Lo conocí en 1970 o tal vez al año siguiente; ambos integrábamos la Resistencia Obrero-Estudiantil (ROE). La caída en picada del poder adquisitivo, la inflación galopante y la desocupación masiva no tenían precedente en la “Suiza de América”. Fueron años extremadamente convulsionados, con ocupaciones de fábricas, liceales y universitarios en estado de ebullición permanente, represión de manifestaciones con orden de apuntar al cuerpo, generalización de la tortura en los interrogatorios policiales, acciones armadas de los tupamaros. La mano dura con la que el gobierno de Pacheco Areco pretendía acallar las protestas no cesó siquiera en los meses previos a las elecciones de noviembre de 1971. Montevideo ardía en llamas.

La mayor parte de las organizaciones de la izquierda, sumadas a desprendimientos de ambos partidos tradicionales, convergían en el Frente Amplio con vistas a las elecciones. La ROE, junto al Frente Estudiantil Revolucionario (FER), las Agrupaciones Rojas (maoístas) y grupos trotskistas cuestionaban la estrategia electoral de la oposición mayoritaria. Estos grupos entendían que en tales circunstancias, a un paso de la guerra civil, ir a las elecciones equivalía a enfriar el partido dilapidando las energías revolucionarias acumuladas en esos años de lucha y organización populares. De modo que, mientras democristianos, comunistas, socialistas y aliados se preparaban para las elecciones, estos grupos −pequeños pero muy cohesionados− hacían todo lo posible por mantener una presencia combativa en las calles, apoyando cada conflicto obrero y procurando unificar las múltiples expresiones de protesta en un único frente de lucha contra el gobierno.

A Cachito se lo veía siempre. Estaba mucho más inclinado a la acción que al uso de la palabra, pero no le temblaba la voz si debía hablar ante un público numeroso. En una de tantas, preparábamos una movilización importante en los alrededores del Palacio Legislativo. Esta incluía “cortes de fuego” en varias calles para impedir el paso de los vehículos. Se hacían con neumáticos viejos rellenos de aserrín rociado con nafta y aceite quemado; una vez encendidos, desprendían por varias horas un humo negro y espeso. Los participantes se contaban por centenares, por lo que el asunto reclamaba una planificación cuidadosa; se debía proceder con mucha rapidez, había que evitar una represión policial temprana que abortara la movilización. La concentración previa se hizo en uno de los grandes anfiteatros de la Facultad de Medicina. Cachito se puso al frente de aquella multitud de jóvenes que desbordaba el enorme salón donde se impartían las clases magistrales. Puedo verlo todavía hoy, recorriendo todo el espacio con la mirada, esperando muy calmo a que se acallaran los murmullos.
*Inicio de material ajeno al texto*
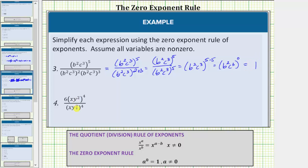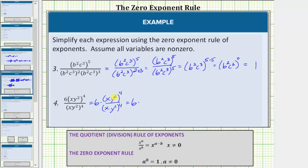Looking at number four, notice part of this quotient will simplify to one. Writing this as six times xy squared raised to the fourth divided by xy squared raised to the fourth — we should recognize this quotient simplifies to one. Applying the quotient rule, since the bases are the same and we're dividing, we subtract the exponents. This equals six times xy squared raised to the power of four minus four, which is zero. This simplifies to six times xy squared raised to the power of zero. Any non-zero value raised to the zero power equals one, so this simplifies to six times one, which equals six.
Logrado esto, comenzó a detallar “los criterios del mojo” −en la jerga de entonces−, asignando lugares y distribuyendo tareas a grandes grupos que iba señalando en el salón. Tenía un timbre de voz grave, una mirada tranquila y una prosa pausada que imponían respeto; mientras hablaba, el silencio era absoluto. Yo, que era dos años mayor que él, sentía que habría sido totalmente incapaz de estar en su lugar, y lo admiraba en secreto.

Tres o cuatro años más tarde, ya en el exilio bonaerense al que nos empujó el golpe de Estado del 27 de junio de 1973, volví a coincidir con Cachito en varias oportunidades. En junio de 1974 nos disponíamos a realizar una gran concentración de compatriotas en protesta contra la dictadura uruguaya a un año de su instauración. Se vivía en Buenos Aires un ambiente de relativa libertad política que contrastaba fuertemente con el terror que se había apoderado de nuestro país. Pero el clima se iba enrareciendo rápidamente en Argentina; la primavera democrática estaba a punto de expirar, aunque aún no pudiéramos saberlo. En ese contexto planificamos una gran asamblea a realizarse el 2 de junio; se trataba de preparar las actividades conmemorativas del golpe de Estado y la huelga general de dos semanas que lo había resistido. Esta asamblea había sido convocada públicamente; las circunstancias políticas imperantes parecían tolerar tal cosa. Pero nos equivocábamos. A la hora de la convocatoria, un operativo policial detenía a todos los presentes. Habían irrumpido temprano, de modo que apenas pasábamos el centenar; una cantidad indeterminada de impuntuales escapó a la redada.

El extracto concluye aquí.